Nous voulons que les relations entre la Grèce et la Turquie soient le plus étroites, amicales et humaines possibles. Nos peuples et nos pays ont tant à gagner du développement de notre coopération et de ce que nous empêchons des tiers de se mêler à nos affaires.
Nous vivons dans un monde difficile, en constante mutation, un monde dans lequel certains ne se sentent pas en sécurité. En d’autres termes, nous vivons dans un monde d’instabilité et certains ne s’imaginent même pas comment sera l’avenir.
Dans ce monde en constante mutation, il est important que les relations entre la Grèce et la Turquie se développent de manière constante car ce sont deux pays exceptionnels avec une grande histoire et un avenir commun encore plus grand.
Nos pays sont situés dans une région très affectée par des crises : au nord en Ukraine, au sud-ouest en Libye, au sud-est en Syrie et en Irak. Nous sommes deux pays à vouloir la paix dans la région, la stabilité aussi et c’est pourquoi nous devons coopérer et échanger des vues et des idées à ce sujet.

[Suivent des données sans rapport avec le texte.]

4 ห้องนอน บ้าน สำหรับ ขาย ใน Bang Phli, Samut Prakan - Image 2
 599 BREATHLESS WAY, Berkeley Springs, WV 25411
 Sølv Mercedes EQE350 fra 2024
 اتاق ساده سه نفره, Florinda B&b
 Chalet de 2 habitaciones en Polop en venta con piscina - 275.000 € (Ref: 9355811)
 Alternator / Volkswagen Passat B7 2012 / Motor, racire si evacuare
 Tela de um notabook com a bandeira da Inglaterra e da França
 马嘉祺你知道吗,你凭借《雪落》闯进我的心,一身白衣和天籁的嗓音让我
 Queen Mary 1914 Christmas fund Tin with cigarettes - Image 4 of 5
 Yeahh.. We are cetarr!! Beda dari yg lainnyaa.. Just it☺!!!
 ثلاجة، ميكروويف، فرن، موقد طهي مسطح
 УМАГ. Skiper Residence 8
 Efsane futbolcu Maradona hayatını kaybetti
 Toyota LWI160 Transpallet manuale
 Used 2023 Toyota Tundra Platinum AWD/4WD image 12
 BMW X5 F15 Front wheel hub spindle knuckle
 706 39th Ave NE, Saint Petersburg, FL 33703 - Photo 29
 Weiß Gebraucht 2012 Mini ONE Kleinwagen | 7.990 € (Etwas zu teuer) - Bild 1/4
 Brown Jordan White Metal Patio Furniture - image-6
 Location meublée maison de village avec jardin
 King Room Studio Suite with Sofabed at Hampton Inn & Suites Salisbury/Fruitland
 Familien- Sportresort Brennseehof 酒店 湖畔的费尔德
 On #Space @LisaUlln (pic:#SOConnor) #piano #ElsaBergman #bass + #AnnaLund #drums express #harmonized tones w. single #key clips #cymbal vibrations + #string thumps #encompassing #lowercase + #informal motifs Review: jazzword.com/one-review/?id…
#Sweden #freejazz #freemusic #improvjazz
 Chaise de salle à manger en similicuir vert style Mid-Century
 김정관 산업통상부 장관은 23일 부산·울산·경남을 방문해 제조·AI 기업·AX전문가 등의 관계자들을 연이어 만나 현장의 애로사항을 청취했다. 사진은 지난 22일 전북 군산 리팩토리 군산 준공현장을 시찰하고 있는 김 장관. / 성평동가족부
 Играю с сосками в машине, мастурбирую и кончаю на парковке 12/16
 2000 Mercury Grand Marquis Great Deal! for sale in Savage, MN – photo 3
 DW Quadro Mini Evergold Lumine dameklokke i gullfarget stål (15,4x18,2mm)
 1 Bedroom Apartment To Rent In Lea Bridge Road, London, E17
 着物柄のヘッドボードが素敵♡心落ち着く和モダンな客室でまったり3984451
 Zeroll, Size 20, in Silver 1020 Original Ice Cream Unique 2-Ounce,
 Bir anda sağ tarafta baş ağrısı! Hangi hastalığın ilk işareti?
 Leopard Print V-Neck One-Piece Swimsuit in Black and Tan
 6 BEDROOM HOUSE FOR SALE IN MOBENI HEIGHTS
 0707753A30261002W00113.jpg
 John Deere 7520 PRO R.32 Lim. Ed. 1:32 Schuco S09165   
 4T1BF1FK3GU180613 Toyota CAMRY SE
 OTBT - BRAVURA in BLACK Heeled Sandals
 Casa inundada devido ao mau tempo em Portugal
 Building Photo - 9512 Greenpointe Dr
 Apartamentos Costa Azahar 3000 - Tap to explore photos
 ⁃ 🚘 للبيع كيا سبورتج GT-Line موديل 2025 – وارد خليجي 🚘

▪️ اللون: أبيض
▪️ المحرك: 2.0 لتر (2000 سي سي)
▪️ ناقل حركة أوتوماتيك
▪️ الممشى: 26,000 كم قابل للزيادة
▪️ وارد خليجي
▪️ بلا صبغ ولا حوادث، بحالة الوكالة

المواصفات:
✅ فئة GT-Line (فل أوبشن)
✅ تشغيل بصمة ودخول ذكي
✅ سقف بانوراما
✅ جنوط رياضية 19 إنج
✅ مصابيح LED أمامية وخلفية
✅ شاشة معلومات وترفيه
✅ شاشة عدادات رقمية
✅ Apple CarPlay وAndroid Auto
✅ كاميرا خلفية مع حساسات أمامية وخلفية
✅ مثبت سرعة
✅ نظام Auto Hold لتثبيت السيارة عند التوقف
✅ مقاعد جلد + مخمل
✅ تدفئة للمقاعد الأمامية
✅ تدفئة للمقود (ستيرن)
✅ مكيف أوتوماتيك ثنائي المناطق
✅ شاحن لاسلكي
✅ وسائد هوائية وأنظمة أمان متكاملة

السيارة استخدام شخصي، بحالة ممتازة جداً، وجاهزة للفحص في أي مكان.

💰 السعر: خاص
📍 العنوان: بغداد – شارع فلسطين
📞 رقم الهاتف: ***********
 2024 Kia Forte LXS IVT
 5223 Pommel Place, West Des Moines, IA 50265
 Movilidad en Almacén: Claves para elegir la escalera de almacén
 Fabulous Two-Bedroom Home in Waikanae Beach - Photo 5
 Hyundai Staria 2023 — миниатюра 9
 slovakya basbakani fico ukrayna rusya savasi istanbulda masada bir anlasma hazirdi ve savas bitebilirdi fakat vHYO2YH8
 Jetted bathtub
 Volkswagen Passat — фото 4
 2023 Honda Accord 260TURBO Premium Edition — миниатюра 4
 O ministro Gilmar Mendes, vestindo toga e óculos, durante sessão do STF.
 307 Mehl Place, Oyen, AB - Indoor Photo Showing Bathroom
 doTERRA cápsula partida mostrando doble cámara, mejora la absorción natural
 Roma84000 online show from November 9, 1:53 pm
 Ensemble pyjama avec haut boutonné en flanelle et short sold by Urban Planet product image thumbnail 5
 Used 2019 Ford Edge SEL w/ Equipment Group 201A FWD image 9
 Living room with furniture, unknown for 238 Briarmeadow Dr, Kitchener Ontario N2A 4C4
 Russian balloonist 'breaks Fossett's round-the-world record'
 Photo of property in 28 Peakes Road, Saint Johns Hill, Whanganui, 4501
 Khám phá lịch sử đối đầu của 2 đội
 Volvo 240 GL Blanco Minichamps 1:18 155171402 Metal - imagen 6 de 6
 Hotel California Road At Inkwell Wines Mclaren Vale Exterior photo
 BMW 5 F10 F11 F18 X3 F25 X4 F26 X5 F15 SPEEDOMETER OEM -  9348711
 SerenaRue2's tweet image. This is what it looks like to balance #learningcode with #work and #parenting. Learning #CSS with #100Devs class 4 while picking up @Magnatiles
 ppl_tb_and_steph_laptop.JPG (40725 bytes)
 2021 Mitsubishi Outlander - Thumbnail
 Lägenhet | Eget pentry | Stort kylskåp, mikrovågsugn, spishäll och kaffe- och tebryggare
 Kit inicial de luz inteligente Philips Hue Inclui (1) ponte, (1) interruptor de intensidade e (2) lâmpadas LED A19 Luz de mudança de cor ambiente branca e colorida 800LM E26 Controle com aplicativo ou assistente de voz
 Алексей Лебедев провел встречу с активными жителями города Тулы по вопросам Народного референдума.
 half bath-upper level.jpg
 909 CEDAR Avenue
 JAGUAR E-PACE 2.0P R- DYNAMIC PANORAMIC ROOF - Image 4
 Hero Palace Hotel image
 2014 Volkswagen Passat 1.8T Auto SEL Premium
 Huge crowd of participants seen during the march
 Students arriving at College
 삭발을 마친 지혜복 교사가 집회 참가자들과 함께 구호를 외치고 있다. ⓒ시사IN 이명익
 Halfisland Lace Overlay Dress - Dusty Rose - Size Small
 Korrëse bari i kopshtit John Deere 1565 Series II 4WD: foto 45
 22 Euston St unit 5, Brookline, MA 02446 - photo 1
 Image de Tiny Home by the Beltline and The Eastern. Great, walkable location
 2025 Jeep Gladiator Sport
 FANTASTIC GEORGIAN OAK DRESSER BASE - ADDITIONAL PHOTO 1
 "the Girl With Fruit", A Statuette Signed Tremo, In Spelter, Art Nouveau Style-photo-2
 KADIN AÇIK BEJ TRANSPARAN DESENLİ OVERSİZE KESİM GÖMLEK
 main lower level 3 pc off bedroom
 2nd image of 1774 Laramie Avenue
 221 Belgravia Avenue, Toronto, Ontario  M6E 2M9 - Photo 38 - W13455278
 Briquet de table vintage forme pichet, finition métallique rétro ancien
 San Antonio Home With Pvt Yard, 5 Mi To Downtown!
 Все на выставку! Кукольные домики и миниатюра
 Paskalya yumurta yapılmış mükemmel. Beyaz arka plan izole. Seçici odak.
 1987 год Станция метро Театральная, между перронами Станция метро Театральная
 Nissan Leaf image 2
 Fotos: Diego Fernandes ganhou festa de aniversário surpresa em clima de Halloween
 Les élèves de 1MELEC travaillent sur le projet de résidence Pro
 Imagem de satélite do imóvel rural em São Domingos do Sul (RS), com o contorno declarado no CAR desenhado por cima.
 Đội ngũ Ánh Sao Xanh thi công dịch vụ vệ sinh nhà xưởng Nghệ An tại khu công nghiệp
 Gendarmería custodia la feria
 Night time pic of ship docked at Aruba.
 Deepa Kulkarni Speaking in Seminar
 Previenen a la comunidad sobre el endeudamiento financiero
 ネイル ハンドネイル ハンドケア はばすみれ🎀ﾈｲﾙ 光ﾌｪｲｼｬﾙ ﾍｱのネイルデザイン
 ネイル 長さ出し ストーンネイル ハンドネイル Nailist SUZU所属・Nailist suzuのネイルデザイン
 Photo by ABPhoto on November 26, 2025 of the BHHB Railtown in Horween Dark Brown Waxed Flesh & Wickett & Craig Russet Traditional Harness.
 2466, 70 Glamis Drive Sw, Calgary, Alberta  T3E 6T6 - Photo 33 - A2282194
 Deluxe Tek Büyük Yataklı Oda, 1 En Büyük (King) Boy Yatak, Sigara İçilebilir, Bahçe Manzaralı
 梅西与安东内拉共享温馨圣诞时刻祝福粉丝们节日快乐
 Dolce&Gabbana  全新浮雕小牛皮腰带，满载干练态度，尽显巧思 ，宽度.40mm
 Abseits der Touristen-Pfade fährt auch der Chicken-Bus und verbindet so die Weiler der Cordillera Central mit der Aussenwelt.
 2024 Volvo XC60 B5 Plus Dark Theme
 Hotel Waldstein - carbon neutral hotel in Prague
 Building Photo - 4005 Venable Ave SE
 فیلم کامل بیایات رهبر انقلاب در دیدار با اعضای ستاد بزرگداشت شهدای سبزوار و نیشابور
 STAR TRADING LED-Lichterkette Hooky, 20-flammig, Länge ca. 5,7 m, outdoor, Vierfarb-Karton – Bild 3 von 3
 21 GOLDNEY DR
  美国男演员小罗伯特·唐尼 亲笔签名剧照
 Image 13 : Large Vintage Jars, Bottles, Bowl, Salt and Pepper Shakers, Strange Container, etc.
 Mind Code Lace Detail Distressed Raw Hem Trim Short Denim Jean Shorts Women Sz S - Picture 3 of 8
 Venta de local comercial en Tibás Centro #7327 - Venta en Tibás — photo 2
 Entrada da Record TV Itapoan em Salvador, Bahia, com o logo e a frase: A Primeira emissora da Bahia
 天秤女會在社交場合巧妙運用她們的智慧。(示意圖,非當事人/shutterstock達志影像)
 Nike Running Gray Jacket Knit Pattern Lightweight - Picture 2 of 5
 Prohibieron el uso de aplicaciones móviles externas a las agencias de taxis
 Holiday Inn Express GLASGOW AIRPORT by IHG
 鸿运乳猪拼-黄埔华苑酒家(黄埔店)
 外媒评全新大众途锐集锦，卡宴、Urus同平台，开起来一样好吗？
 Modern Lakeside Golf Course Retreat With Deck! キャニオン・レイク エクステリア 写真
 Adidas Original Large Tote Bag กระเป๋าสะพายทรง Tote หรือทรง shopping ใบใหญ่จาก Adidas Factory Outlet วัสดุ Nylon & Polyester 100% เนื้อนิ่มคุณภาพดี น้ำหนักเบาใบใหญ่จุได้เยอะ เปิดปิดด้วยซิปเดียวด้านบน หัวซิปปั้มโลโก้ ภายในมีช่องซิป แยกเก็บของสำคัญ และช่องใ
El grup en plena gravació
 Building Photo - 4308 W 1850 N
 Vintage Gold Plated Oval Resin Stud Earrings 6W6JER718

Il est important que nous soyons une ancre de stabilité dans un monde qui change et qui est caractérisé par l’instabilité et que cette relation amicale stable soit honnête. Nous avons bien entendu des désaccords et des différends, mais nous avons devant nous un agenda positif pour avancer.
Nous soutenons, avec passion je dirais, car nous avons aussi enduré des épreuves à nous-mêmes, la démocratie et les institutions de la démocratie en Turquie et nous nous sommes d’emblée positionnés en défaveur du coup d’Etat, sous toutes ses formes.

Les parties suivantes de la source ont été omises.